Additionally we are being "taught" (by the government, media, etc.) to feel some sort of collective guilt for that part in our history, a guilt that can never be overcome.
I can't speak to the minutia of German cultural policy. The Federal Government has certainly repressed many symbolic elements of nationalism that served to make Nazism so resonant. I think part of the episode intended to deal with this: it's impossible to have Nazism without the imagery or the xenophobia (an arguable point, of course).

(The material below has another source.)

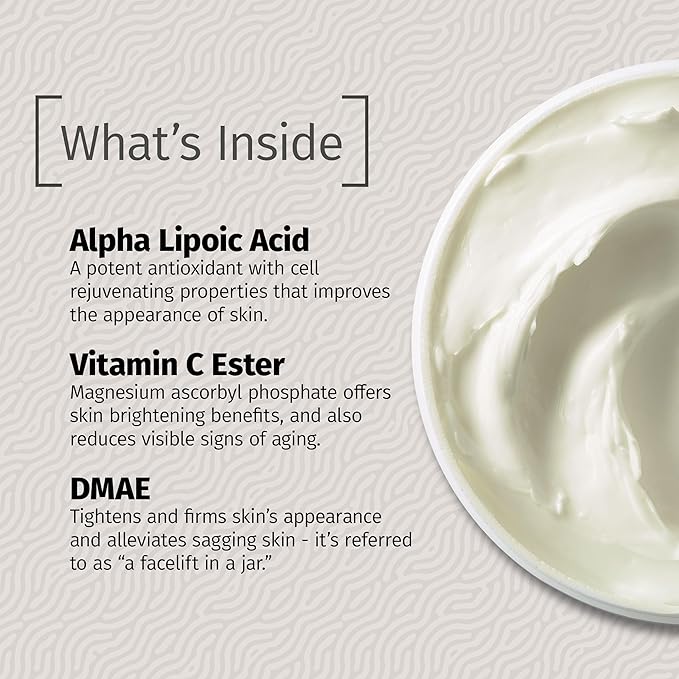 Reviva Labs DMAE Cream with Alpha Lipoic Acid, Vitamin C Ester - DMAE Lift and Firm Cream for Neck and Face - Skin Firming and Moisturizing Cream, 5-Pack (2 oz Each)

Representing the German past is a fraught subject with strong emotions. Nonetheless, German culture many opportunities to discuss the memories of Nazism and the Holocaust, moreso than, for instance, French imperialism, British rule in Ireland, or even Germany's genocidal war against the Herero. Indeed, the US has a national museum for the Holocaust, but not one for slavery and its legacy. If there is a problem with German memory, it is, IMO, attributable to Adenauer's original formulation--crimes committed in the name of the German people--which made it easy to embrace national guilt, but somewhat easy to evade it on a personal level.
So the reason for me to start this thread was to ask the question, if my "problem" with Spock´s remark is due to the fact I´m German (and have the background I just explained) or if non-Germans (without this background) have similar problems with it.
For the sake of disclosure, there is an Alsatian side to my family, among whom there is some tendency to romanticism Germanic culture. (They emigrated in the 1850s, thus didn't develop the same sense of Germanness that developed after 1970, or resistance to German nationalism that emerged among Alsatians.
On the other hand, isn't it possible that our differences on the subject of this line may have more to do with differing notions of humor among the various cultures?